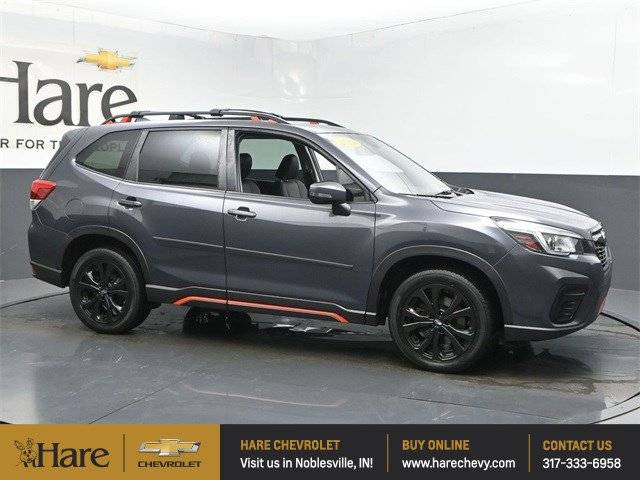 2020 Subaru Forester 2.5i Sport — SUV — 76,299 mi — Noblesville, IN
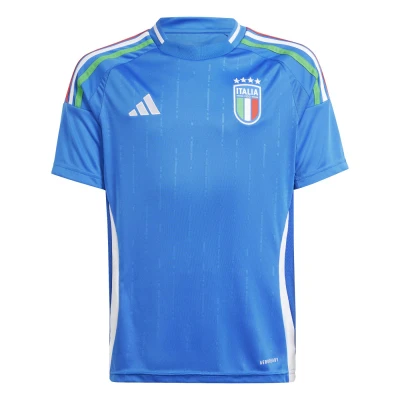 Imagine din adidas Performance Italy 2024 HOME Bluză fotbal pentru copii, Mărime: 152, Blue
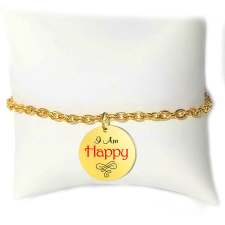 I am happy karkötő, választható több formában és színben karkötő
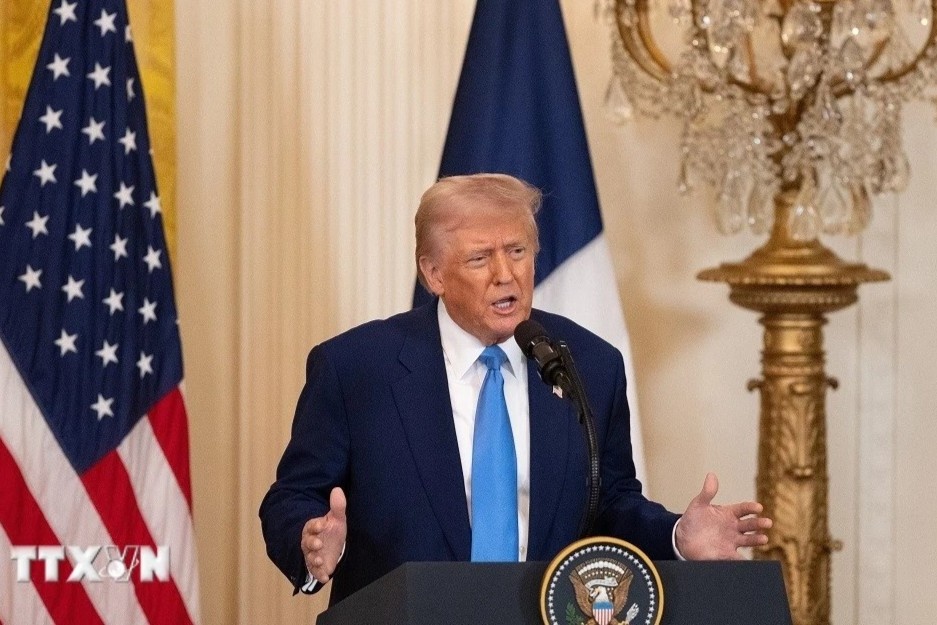 Toa an My bac tham quyen ap thue cua Tong thong Donald Trump hinh anh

- _Exercise instructions_:
The expected output is the whole listing, word for word, minus its pictures.

- _Answer section_:
 2020 Subaru Forester 2.5i Sport — SUV — 76,299 mi — Noblesville, IN
 Imagine din adidas Performance Italy 2024 HOME Bluză fotbal pentru copii, Mărime: 152, Blue
 I am happy karkötő, választható több formában és színben karkötő
 Toa an My bac tham quyen ap thue cua Tong thong Donald Trump hinh anh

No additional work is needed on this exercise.